Chief Judge Janet DiFiore, a Democrat, served as the state’s top-ranking jurist since 2016, when she was appointed to the role by then-Gov. Andrew Cuomo after serving as Westchester County district attorney. As chief judge, DiFiore led not only the seven-member Court of Appeals but also the state’s entire unified court system, a major administrative role that made her the face of the judiciary.

In a letter sent Monday to her colleagues, DiFiore said she will soon “move on to the next chapter in life.” She did not specify what that entails.

“As Chief Judge, I set out to bring operational and decisional excellence to every level of our court system while leading our state’s high court in developing a strong, predictable body of law to guide our communities, our economy and the personal and professional lives of our citizenry,” DiFiore wrote.

Her pending resignation was first reported by The New York Times.

DiFiore was confirmed by the state Senate in February 2016, and would have reached the Court of Appeals’ mandatory retirement age of 70 in 2025. She oversaw a court that, despite being made up entirely of Democratic appointees, was far more moderate than the legislative branch, which has generally become more progressive in recent years.

One of the most significant decisions of DiFiore’s term came three months ago, when she wrote the majority opinion overturning New York’s Democrat-drawn congressional and state Senate lines, ruling the state Legislature didn’t follow the proper procedures for drawing the districts after a non-partisan panel failed to reach consensus.

Her opinion also found Democrats unconstitutionally gerrymandered the congressional lines to their benefit.

The ruling led to new lines, less favorable to Democrats, that were drawn by a court-appointed special master, along with a primary election shuffle that saw the congressional and Senate races pushed back to August from June.

Now, Hochul will soon accept applicants for the pending opening, after which point the state Commission on Judicial Nomination will present her with finalists.

From there, Hochul will pick a replacement subject to state Senate confirmation.
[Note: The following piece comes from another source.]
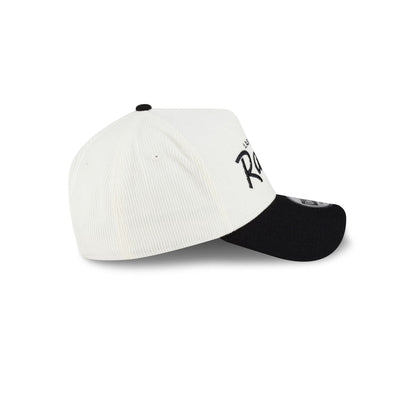 Las Vegas Raiders Summer Core 9FORTY A-Frame Adjustable Hat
That won't happen until January, when the Legislature is due back in Albany, unless Hochul calls lawmakers back to the Capitol sooner.

In a statement, Hochul praised DiFiore for her management of the court system during the COVID-19 pandemic, which hugely disrupted the normal, in-person operations of the judicial branch.

"I thank Judge DiFiore for her years of service and look forward to reviewing the recommendations of the Commission on Judicial Nomination as we work to appoint new leadership to the Court," Hochul said.

Within hours of DiFiore's resignation, top lawmakers and advocates were urging Hochul to pick a progressive-leaning chief judge as a way to combat the Court of Appeals' moderate-to-conservative leaning side.

"In light of recent U.S. Supreme Court decisions and now news of the New York Chief Judge stepping down, it is more important than ever that Governor Hochul nominates and the Senate confirms a progressive chief judge," Assembly Speaker Carl Heastie tweeted.

State Sen. Brad Hoylman, a Manhattan Democrat who chairs the Senate Judiciary Committee, said the Court of Appeals has become "increasingly out of touch" with New Yorkers on issues like criminal justice and tenants' rights.

"I’m resolute that the Chief Judge's replacement must be a jurist who will lead our Court of Appeals in a much-needed course correction that uplifts the vulnerable and ensures equity and justice for all," he said.

This story has been updated with additional comment.